Running the OpenMP Code

We do need to link in the OpenMP library, though, by using the -fopenmp and -lgomp options. Suppose our source file is romp.c. Then we use the following commands to run the code:

gcc -std=gnu99 -fopenmp -I/usr/share/R/include -fpic -g -O2 -c romp.c -o romp.o gcc -std=gnu99 -shared -o romp.so romp.o -L/usr/lib/R/lib -lR -lgomp

Here’s an R test:

> dyn.load(“romp.so”)

> Sys.setenv(OMP_NUM_THREADS=4)

> n <- 1000

> m <- matrix(sample(0:1,n^2,replace=T),nrow=n)

> system.time(z <- .C(“mutlinks”,as.integer(m),as.integer(n),result=double(1)))

 user    system   elapsed

0.830  0.000   0.218

> z$result

[1] 249.9471

The typical way to specify the number of threads in OpenMP is through an operating system environment variable, OMP_NUM_THREADS. R is capable of setting operating system environment variables with the Sys.setenv() function. Here, we set the number of threads to 4, because we were running on a quad-core machine. Note the runtime—only 0.2 seconds! This compares to the 5.0-second time we saw earlier for a 12-node snow system. This might be surprising to some readers, as our code in the snow version was vectorized to a fair degree, as mentioned earlier. Vectorizing is good, but again, R has many hidden sources of overhead, so C might do even better. Thus, if you are willing to write part of your code in parallel C, dramatic speedups may be possible.

OpenMP Code Analysis

OpenMP code is C, with the addition of pragmas that instruct the compiler to insert some library code to perform OpenMP operations. Look at line 20, for instance. When execution reaches this point, the threads will be activated. Each thread then executes the block that follows—lines 21 through 31—in parallel. A key point is variable scope. All the variables within the block starting on line 21 are local to their specific threads. For example, we’ve named the total variable in line 21 mysum because each thread will maintain its own sum. By contrast, the global variable tot on line 4 is held in common by all the threads. Each thread makes its contribution to that grand total on line 30.
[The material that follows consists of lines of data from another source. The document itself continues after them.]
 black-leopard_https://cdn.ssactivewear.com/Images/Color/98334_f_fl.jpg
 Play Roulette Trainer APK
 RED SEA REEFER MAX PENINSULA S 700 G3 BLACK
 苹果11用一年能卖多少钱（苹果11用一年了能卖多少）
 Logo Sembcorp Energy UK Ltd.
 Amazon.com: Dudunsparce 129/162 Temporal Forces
But even the variable nval on line 18 is held in common with all the threads (during the execution of mutlinks()), as it is declared outside the block beginning on line 21. So, even though it is a local variable in terms of C scope, it is global to all the threads. Indeed, we could have declared tot on that line, too. It needs to be shared by all the threads, but since it’s not used outside mutlinks(), it could have been declared on line 18. Line 29 contains another pragma, atomic. This one applies only to the single line following it—line 30, in this case—rather than to a whole block. The purpose of the atomic pragma is to avoid what is called a race condition in parallel-processing circles. This term describes a situation in which two threads are updating a variable at the same time, which may produce incor-rect results. The atomic pragma ensures that line 30 will be executed by only one thread at a time. Note that this implies that in this section of the code, our parallel program becomes temporarily serial, which is a potential source of slowdown.
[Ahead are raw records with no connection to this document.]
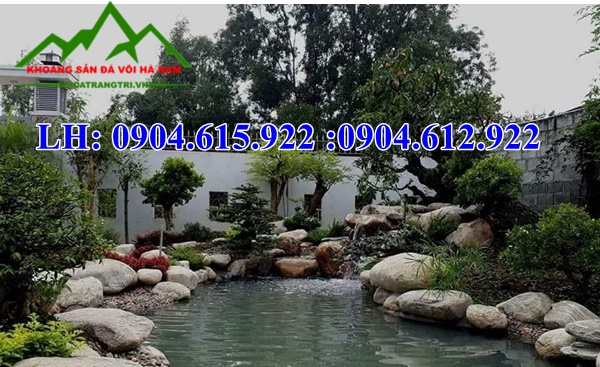 soi-da-cuoi-trang-tri-san-vuon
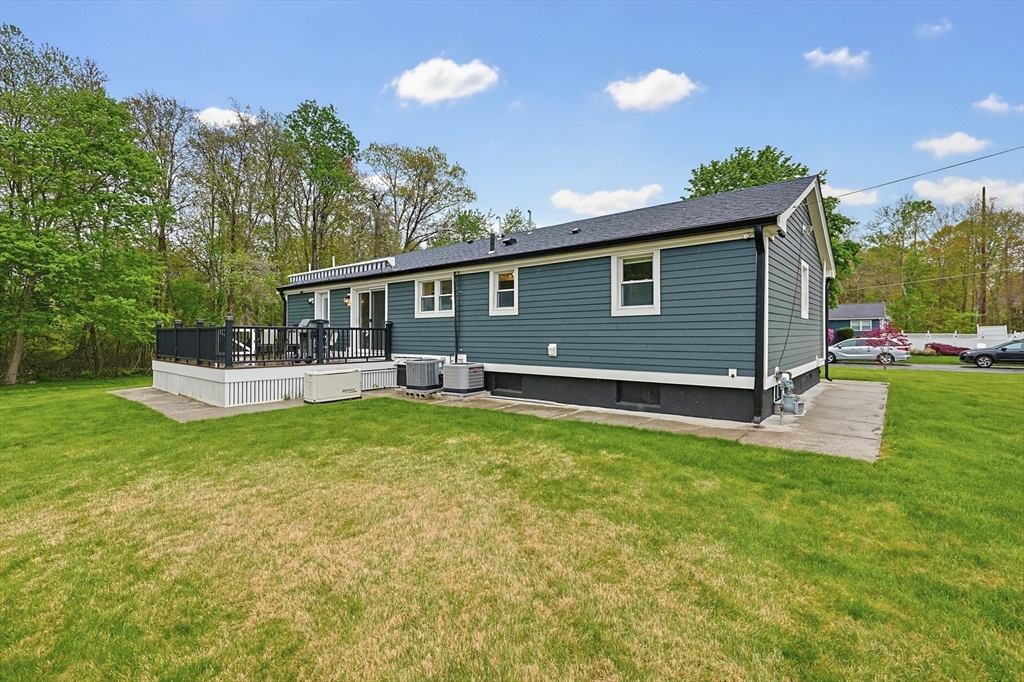 20 Mulhall Drive Ashland, MA 01721 - Photo 36 of 42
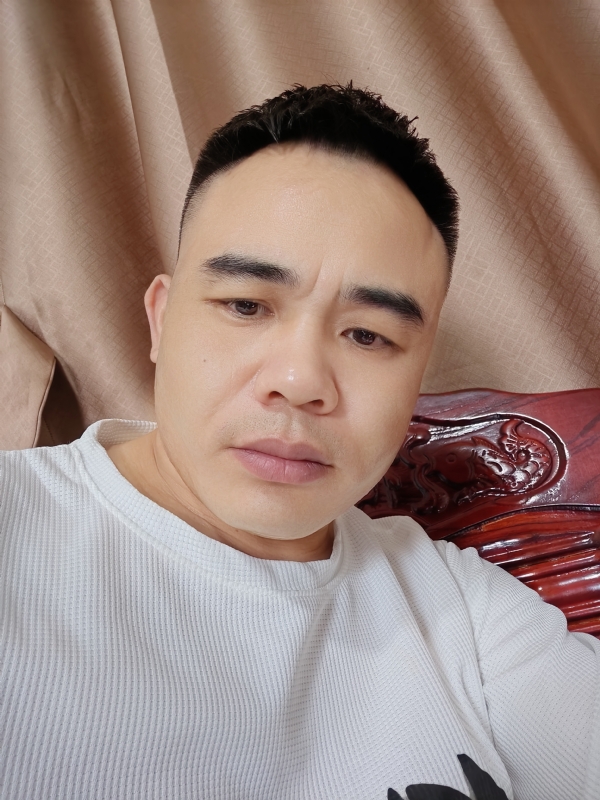 下一站的我的第一张照片--闽清相亲服务中心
Where is the manager’s role in all of this? Actually, the manager is the original thread, and it executes lines 18 and 19, as well as .C(), the R function that makes the call to mutlinks(). When the worker threads are activated in line 21, the manager goes dormant. The worker threads become dormant once they finish line 31. At that point, the manager resumes execution. Due to the dormancy of the manager while the workers are executing, we do want to have as many workers as our machine has cores. The function procpairs() is straightforward, but note the manner in which the matrix m is being accessed. Recall from the discussion on interfacing R to C that the two languages store matrices differently: column by column in R and row-wise in C. We need to be aware of that difference here. In addition, we have treated the matrix m as a one-dimensional array, as is common in parallel C code. In other words, if n is, say, 4, then we treat m as a vector of 16 elements. Due to the column-major nature of R matrix storage, the vector will consist first of the four elements of column 1, then the four of column 2, and so on. To further complicate matters, we must keep in mind that array indices in C start at 0, instead of starting at 1 as in R.

Putting all of this together yields the multiplication in line 12. The factors here are the (k,i) and (k,j) elements of the version of m in the C code, which are the (i+1,k+1) and (j+1,k+1) elements back in the R code.

Other OpenMP Pragmas

OpenMP includes a wide variety of possible operations—far too many to list here. This section provides an overview of some OpenMP pragmas that we consider especially useful.

The omp barrier Pragma

The parallel-processing term barrier refers to a line of code at which the threads rendezvous. The syntax for the omp barrier pragma is simple:

#pragma omp barrier

When a thread reaches a barrier, its execution is suspended until all other threads have reached that line. This is very useful for iterative algorithms; threads wait at a barrier at the end of every iteration. Note that in addition to this explicit barrier invocation, some other pragmas place an implicit barrier following their blocks. These include single and parallel. There is an implied barrier immediately following line 31 in the previous listing, for example, which is why the manager stays dormant until all worker threads finish.

The omp critical Pragma

The block that follows this pragma is a critical section, meaning one in which only one thread is allowed to execute at a time. The omp critical pragma essentially serves the same purpose as the atomic pragma discussed earlier, except that the latter is limited to a single statement. Here is the omp critical syntax:

#pragma omp critical

{

// place one or more statements here

}

The omp single Pragma

The block that follows this pragma is to be executed by only one of the threads. Here is the syntax for the omp single pragma:

#pragma omp single

{

// place one or more statements here

}

This is useful for initializing sum variables that are shared by the threads, for instance. As noted earlier, an automatic barrier is placed after the block. This should make sense to you. If one thread is initializing a sum, you wouldn’t want other threads that make use of this variable to continue execution until the sum has been properly set.

GPU Programming

Another type of shared-memory parallel hardware consists of graphics processing units (GPUs). If you have a sophisticated graphics card in your machine, say for playing games, you may not realize that it is also a very pow-erful computational device—so powerful that the slogan “A supercomputer on your desk!” is often used to refer to PCs equipped with high-end GPUs.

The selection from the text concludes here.